Enfin un côté positif du réchauffement climatique, certes à relativiser et à prendre avec recul. Car c'est la lutte contre ce nouveau fléau des temps modernes qui devrait agir positivement sur la création d'emploi et non le réchauffement lui-même.
Les politiques de lutte contre le changement climatique envisagées par l'Union européenne représentent un gisement important de nouveaux emplois, surtout dans le bâtiment et les transports, au prix d'une "modification substantielle de l'offre et de la demande" et d'un effort de qualification, selon une étude européenne.
Le rapport intitulé "Changement climatique et emploi", présenté mardi à Séville au Congrès des syndicats européens, estime que les mesures visant à réduire les émissions de gaz à effet de serre (GES) de 40% d'ici 2030 seront bénéfiques pour l'emploi du secteur énergétique, celui des transports et celui du bâtiment et de la construction.
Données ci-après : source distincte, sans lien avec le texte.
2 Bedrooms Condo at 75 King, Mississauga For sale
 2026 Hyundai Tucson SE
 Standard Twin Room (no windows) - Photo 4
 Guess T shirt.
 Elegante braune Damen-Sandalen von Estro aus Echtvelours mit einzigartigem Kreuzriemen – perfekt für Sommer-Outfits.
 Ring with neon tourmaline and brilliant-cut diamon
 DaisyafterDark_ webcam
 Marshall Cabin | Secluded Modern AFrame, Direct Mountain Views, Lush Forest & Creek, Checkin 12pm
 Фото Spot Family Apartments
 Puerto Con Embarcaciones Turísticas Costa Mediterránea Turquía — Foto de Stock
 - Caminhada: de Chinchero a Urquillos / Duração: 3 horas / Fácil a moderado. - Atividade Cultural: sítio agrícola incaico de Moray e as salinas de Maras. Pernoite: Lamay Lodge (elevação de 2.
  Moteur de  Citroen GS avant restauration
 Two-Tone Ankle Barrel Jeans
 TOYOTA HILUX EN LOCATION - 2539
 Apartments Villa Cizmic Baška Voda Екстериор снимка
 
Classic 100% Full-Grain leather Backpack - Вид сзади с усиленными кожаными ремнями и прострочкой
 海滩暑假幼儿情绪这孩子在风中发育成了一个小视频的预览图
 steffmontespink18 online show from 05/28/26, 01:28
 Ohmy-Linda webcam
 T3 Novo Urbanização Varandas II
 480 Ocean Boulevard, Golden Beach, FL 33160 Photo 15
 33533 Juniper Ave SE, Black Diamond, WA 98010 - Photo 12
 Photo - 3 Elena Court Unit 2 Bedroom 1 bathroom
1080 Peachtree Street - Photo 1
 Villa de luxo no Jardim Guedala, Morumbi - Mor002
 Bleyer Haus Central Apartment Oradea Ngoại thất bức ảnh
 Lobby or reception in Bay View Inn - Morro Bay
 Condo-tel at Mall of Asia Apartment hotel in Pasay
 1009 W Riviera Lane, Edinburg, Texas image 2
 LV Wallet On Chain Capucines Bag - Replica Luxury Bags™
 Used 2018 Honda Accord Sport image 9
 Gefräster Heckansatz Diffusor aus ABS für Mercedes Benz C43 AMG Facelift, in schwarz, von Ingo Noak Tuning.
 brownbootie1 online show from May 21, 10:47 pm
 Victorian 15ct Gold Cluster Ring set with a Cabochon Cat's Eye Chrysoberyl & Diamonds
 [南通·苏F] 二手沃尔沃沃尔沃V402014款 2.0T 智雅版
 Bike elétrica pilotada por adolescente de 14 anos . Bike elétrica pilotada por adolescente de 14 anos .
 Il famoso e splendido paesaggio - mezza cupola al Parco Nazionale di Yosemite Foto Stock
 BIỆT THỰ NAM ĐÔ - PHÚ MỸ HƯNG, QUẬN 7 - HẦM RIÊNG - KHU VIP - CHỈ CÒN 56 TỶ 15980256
Le résultat d'une étude co-financée par l'Agence de l'environnement et de la maîtrise de l'énergie (Ademe) publié récemment estime également que la lutte contre le réchauffement climatique créerait des emplois plus qu'elle n'en supprimerait. Selon les conclusions de l'étude, le gain net d'emploi en Europe grâce à la lutte contre le réchauffement climatique serait de 1,5 %, soit plusieurs millions d’emplois.
Selon le rapport présenté mardi à Séville, le bâtiment pourrait gagner un million d'emplois annuels grâce aux travaux correspondant à une haute qualité énergétique (faible consommation, économies d'énergie), estiment les auteurs qui soulignent également d'autres bénéfices sociaux: insertion des chômeurs de longue durée, allègement de la facture énergétique des ménages...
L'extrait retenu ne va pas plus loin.